The blast took place late on Thursday evening, with images showing smashed windows in the city's old town. No injuries were reported as a result of the explosion.
Although finding unexploded World War Two ordinances is not uncommon across Germany, they are usually swiftly disarmed - a process which does not result in an explosion.
This was one of the rare occurrences where a controlled detonation was required.
Police have not yet estimated the total costs of the damage which resulted from the blast.
Police told DPA that removal of the bomb would have been too dangerous and disarming the device - the usual approach in neutralizing a discovered ordinance - could not be completed “without significant risks”.
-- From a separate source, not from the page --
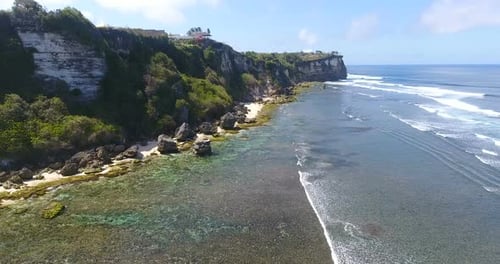 Stunning Aerial View of Azure Ocean and Waves Crashing at Rocky Cliffs with Splashing and White Foam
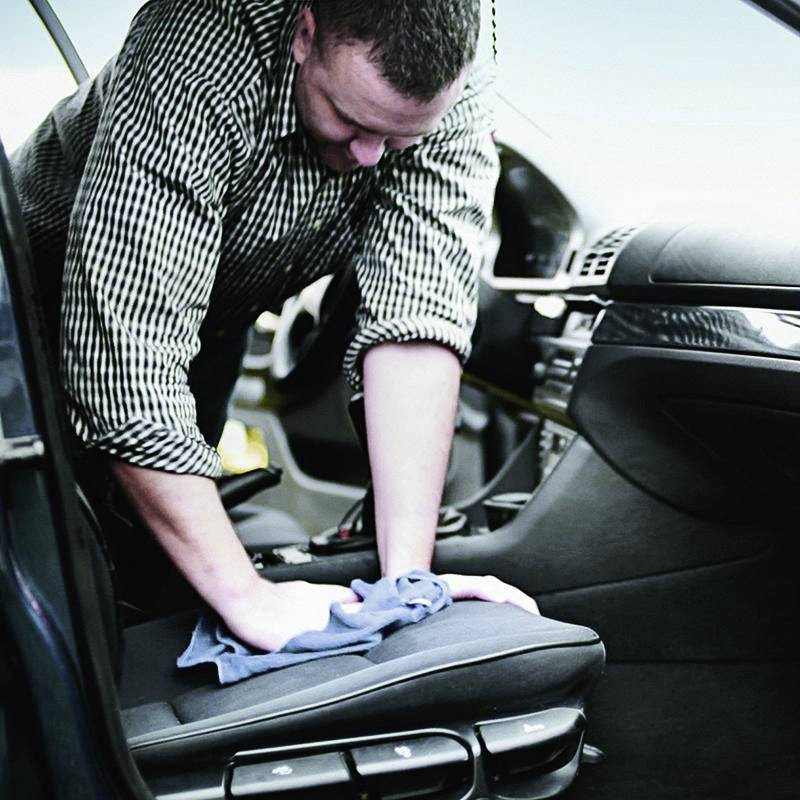 Eine Person reinigt den Fahrersitz eines Autos mit einem blauen Tuch. Der Innenraum ist modern und aufgeräumt, mit Fokus auf Sauberkeit.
As a result, approximately 9,000 people were evacuated in wait of the forced detonation. The residents were allowed to return to their homes just after midnight.
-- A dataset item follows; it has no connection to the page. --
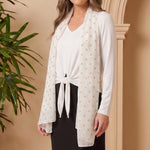 Woman in a white cardigan and black skirt standing next to a potted plant against a beige wall.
SEE ALSO: What you need to know about WWII bomb disposals in Germany
In October 2018, approximately 16,000 people were evacuated from Frankfurt’s Europaviertel when an unexploded Second World War bomb was found during construction efforts.
In July 2018, 10,000 Potsdam residents were evacuated in a park next to the city’s main station.
The largest ever post-war evacuation occurred one year earlier in Frankfurt, when 60,000 residents were required to leave their homes due to the discovery of a ‘blockbuster’ (Wohnblockknacker) bomb near the Westend Campus of the Goethe University.
An estimated 3,000 unexploded bombs remain undiscovered in Berlin, with thousands more scattered across the country.